Journal

Wednesday, October 18, 2006

peace and love and all that stuff...

I'm not yet back on anything approaching Neil time - I'm still waking up naturally at around 6:30 am. And so I've been taking Maddy to school, which she enjoys, so she brings me cups of tea in the morning to wake up with, and I'm asleep by ten at night. Very odd. I keep wondering who I'm turning into. ("I'm sure I'm not Mabel...")

And I keep forgetting things, in a sort of cheerful post jet-lagged haze. Like posting this, for example, which I wrote yesterday and forgot..

...

I was 22 when I met Kim Newman, and he was 23, and even then much older and wiser than I was, and already on the way to becoming a well-known and well-respected and quite fearless film critic.
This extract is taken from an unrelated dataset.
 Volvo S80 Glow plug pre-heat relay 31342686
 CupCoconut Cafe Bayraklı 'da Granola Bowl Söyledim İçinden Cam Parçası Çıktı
When people say I'm prolific (I'm not) Kim is the standard I compare myself to: someone who can write a short story or a review or a novel in the time it takes to type it, and who not only can, but does.

We wrote a book together, taking separate halves (he finished his long before I finished mine), and then we wrote dozens of humour articles for sundry magazines, respectable and otherwise (the otherwise paid much better) together and with other writers (mostly the hilarious Eugene Byrne with occasional contributions from Phil Nutman and Stefan Jaworzyn), under the bank account of "The Peace and Love Corporation".

We haven't seen each other or even spoken for years, although the bank account still exists, and contains several pounds, and Eugene, as custodian of the account, emails us both every year and lets us know that it's still there. Our current plan involves not ever taking anything out of the bank account and then, using the miracle of compound interest, in several thousand years' time OWNING THE GALAXY, before being wiped out in the stock market crash of October 3719.

Which is all by way of preamble to me noticing this morning with a certain amount of tredipidation that Kim Newman had reviewed Fragile Things for The Independent, and my subsequent happiness that the review was fundamentally a very good one. (And if you think that knowing Kim for 23 years might have got me a free ride, or even a good review if he didn't actually believe it, well, you don't know Kim Newman.)